DevOps & Site Reliability Engineer with 3 YOE in building and automating cloud-native infrastructure across AWS & GCP. Skilled in Kubernetes, CI/CD, Infrastructure as Code, and observability tools (Prometheus, Grafana, ELK, APM), with proven expertise in cost optimization, monitoring, and system reliability.
Disaster Recovery & Resilience – Replicated AWS infrastructure (EC2, ECS, EKS, RDS, Route53, SNS, VPC, VPC Peering, Codedeploy, Cloudwatch, Lambda, Elasticache, Auto Scaling Groups, Load Balancers, ECR) to the Hyderabad region using Terraform, ensuring business continuity and high availability
Compliance & Security – Conducted infrastructure audits aligned with ISO 27000 & DPDP standards, enabling certification readiness and strengthening cloud security practices.
FinOps & Monitoring Optimization – Replaced New Relic with Signoz on EKS, reducing monitoring costs by 55% while enhancing application performance visibility.
One-Click Environment – provisioning (server setup, RDS DB creation, Parameter Store, Nginx, DNS, CDN, deployment, and testing) to streamline release process using Terraform and Python Boto3.
Cloud Automation – Developed AWS Lambda + Python workflows for incremental RDS backups, scheduled start/stop of EC2 & RDS instances, daily AMI and snapshot creation, and automated cleanup to optimize cost and ensure disaster recovery readiness.
DevOps Engineer
ShopDeck (E-Commerce Company)
06.2024 - 02.2025
CI/CD Optimization – Migrated from GCP Cloud Build to Jenkins, lowering CI/CD costs and improving build pipeline efficiency. Automated deployments with ArgoCD for Kubernetes.

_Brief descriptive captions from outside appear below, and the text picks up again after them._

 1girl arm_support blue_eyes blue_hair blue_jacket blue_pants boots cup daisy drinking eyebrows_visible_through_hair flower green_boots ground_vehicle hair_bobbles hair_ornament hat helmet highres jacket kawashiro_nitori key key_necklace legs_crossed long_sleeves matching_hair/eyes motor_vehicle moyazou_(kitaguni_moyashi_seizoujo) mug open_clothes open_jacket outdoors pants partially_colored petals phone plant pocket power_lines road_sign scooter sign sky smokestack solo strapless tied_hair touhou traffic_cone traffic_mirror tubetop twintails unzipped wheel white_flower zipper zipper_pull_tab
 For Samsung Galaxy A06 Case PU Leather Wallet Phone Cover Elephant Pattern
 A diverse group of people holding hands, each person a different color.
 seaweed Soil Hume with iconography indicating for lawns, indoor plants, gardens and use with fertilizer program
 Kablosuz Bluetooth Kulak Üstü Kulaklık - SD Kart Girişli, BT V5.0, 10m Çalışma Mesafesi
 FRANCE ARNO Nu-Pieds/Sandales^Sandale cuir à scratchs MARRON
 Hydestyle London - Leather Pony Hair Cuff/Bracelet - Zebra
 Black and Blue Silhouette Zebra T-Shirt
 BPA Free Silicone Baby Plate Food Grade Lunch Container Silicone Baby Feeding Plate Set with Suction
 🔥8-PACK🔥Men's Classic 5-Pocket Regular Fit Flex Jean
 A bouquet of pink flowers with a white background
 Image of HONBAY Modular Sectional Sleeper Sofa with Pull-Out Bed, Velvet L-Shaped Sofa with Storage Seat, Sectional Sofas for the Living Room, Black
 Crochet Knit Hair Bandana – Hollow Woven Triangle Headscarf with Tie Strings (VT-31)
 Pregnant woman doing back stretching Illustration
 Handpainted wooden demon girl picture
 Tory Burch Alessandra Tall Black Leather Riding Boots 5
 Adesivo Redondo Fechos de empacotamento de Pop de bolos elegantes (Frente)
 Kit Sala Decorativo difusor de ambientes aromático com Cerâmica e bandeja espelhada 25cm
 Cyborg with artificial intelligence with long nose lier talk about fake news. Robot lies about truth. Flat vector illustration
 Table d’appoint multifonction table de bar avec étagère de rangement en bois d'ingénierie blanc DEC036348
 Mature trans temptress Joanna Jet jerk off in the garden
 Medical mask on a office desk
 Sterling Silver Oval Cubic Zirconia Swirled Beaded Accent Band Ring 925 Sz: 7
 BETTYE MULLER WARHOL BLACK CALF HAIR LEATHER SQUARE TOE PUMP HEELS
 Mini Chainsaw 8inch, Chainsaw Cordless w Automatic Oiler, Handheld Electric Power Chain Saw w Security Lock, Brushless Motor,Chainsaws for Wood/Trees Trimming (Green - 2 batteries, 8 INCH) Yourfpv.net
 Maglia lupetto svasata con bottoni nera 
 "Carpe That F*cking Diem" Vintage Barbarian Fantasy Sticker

Infra as Code – Automated provisioning of nginx VMs and domain onboarding for 1500+ sellers using Terraform + Ansible, integrated with SSL certbot.
Observability & Logging – Implemented ELK stack for Kubernetes pod logging with Logstash GROK filters and Index Lifecycle Management (ILM) to optimize log storage.
Data Engineering Automation – Automated Pub/Sub → BigQuery integration with Terraform for scalable analytics data flow.
Unified Monitoring & Alerts – Configured Prometheus + Grafana dashboards, migrated alerts from GCP to Grafana OnCall to improve incident response.
Deployed Percona Monitoring and Management (PMM) to detect slow queries, enhancing database performance visibility.
Site Reliability Engineer
Dukaan (E-Commerce Company)
02.2023 - 04.2024
Kubernetes & GitOps – Implemented GitOps with ArgoCD for multi-service deployments, improving release reliability and reducing manual overhead.
Cloud Migration – Migrated data from GCS to Wasabi using Rclone with strict bucket policies, optimizing storage usage and security.
Monitoring & Observability – Set up Prometheus + Grafana with custom dashboards, deployed SigNoz and Sentry to enhance application performance monitoring and reduce incident resolution time.
Redis Performance Optimization – Configured and optimized Redis key eviction policies, ensuring efficient memory usage and stable system performance.